- [What the task requires]
Where the line containing "When we get" appears, start repeating, and continue exactly through the last line below, adding nothing. Include no pictures.

(Data excerpts)

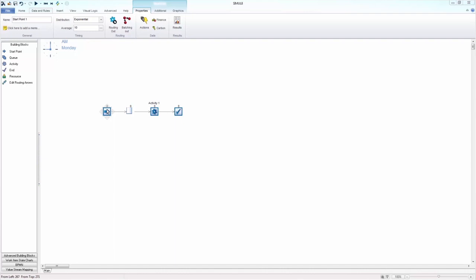Welcome back! If you watched the first video creating your first simulation, you'll now be aware of how you can quickly create a process flow in Simulate, and what our core objects, start point, queue, activity, and endpoint resemble in a real-life system.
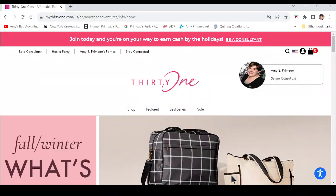Hi, welcome to Amy's Bag Adventures. I'm Amy Primo, an independent consultant with 31 Gifts. Today I want to show you how to personalize an item through my website. You know that you're on my website because here in the upper right is my name and my picture.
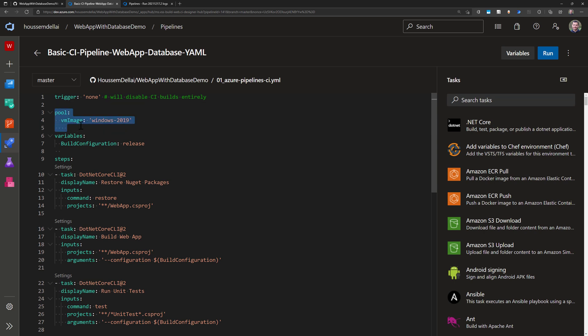Next I would have here the pool that will describe where this pipeline should run, in which virtual machine or in which build agent. In my case I'm choosing here a virtual machine that is Windows Server 2019.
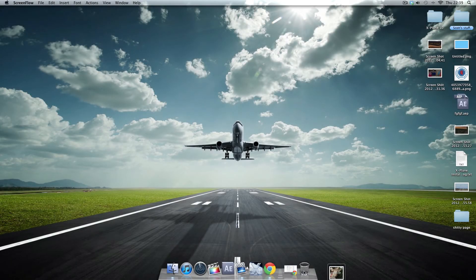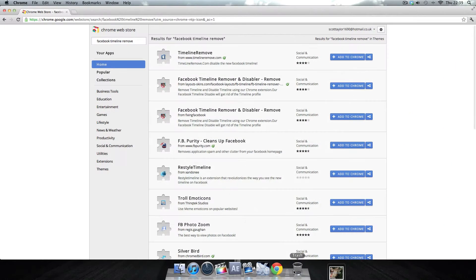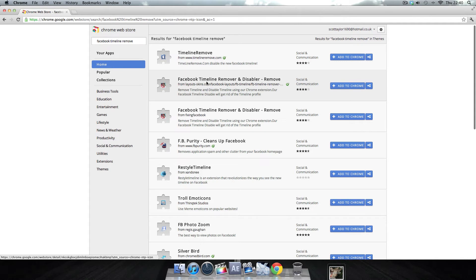Hey there guys, in this video I'll be showing you how to remove the Facebook Timeline from your profile. You want to go to the link in the description and go to this one here that says Facebook Timeline Remover and Disabler.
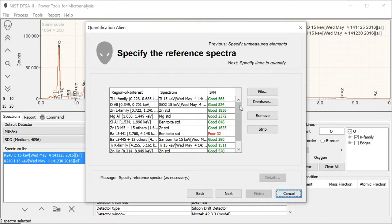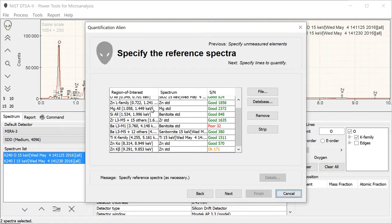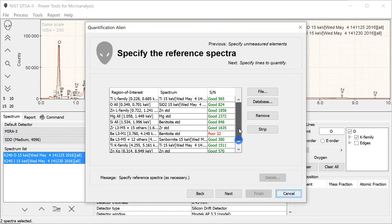When we get over to this page, this is where we've saved ourselves a lot of work. We've already entered in a reference for the titanium L family, and it is read out of the standard bundle. We've already entered a reference in for the oxygen K. It's read out. For these other elements, we don't need a reference. But if one was needed, it would be read out of the standard bundle. Usually, if you use standard bundles, you can step right through this without any extra effort.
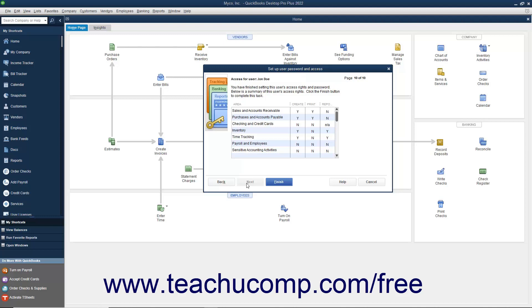You can then review the permissions you set for the user in the final screen and click the Finish button to add the user to the user list.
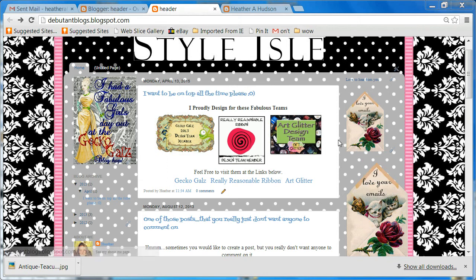Hello friends, Heather here. Today I thought I'd take a couple minutes to show you how to create a blog post that does not allow comments. This is specifically for one blog post that you're not going to allow comments on, not all of your blog posts.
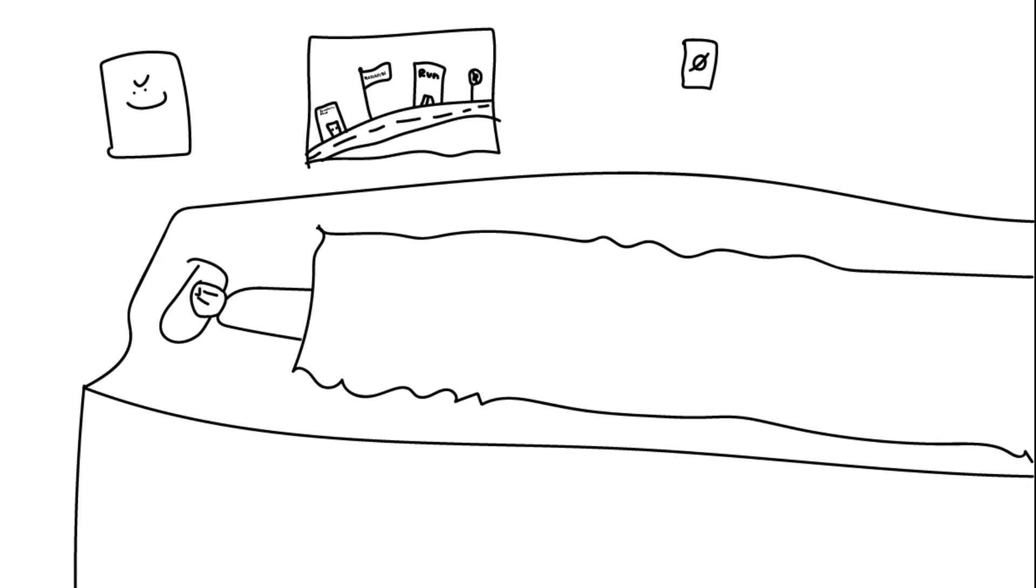Wake your phone up, hold the power button, and press turn off, and let me sleep. Good, now let me sleep.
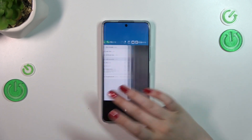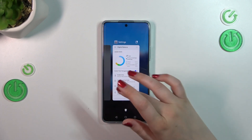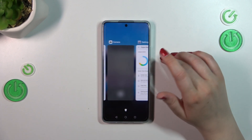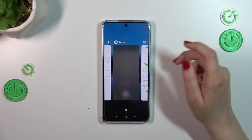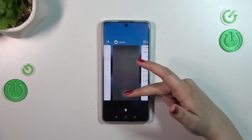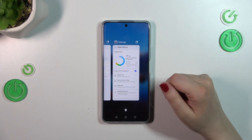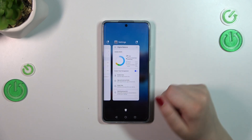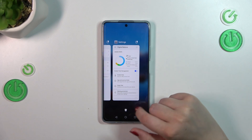As you can see, we've got previously opened apps. If you want to close only one of them — for example, the camera in my case — just swipe it up like that.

(End Data excerpts)

- [Your solution]
When we get over to this page, this is where we've saved ourselves a lot of work. We've already entered in a reference for the titanium L family, and it is read out of the standard bundle. We've already entered a reference in for the oxygen K. It's read out. For these other elements, we don't need a reference. But if one was needed, it would be read out of the standard bundle. Usually, if you use standard bundles, you can step right through this without any extra effort.
You can then review the permissions you set for the user in the final screen and click the Finish button to add the user to the user list.
Hello friends, Heather here. Today I thought I'd take a couple minutes to show you how to create a blog post that does not allow comments. This is specifically for one blog post that you're not going to allow comments on, not all of your blog posts.
Wake your phone up, hold the power button, and press turn off, and let me sleep. Good, now let me sleep.
As you can see, we've got previously opened apps. If you want to close only one of them — for example, the camera in my case — just swipe it up like that.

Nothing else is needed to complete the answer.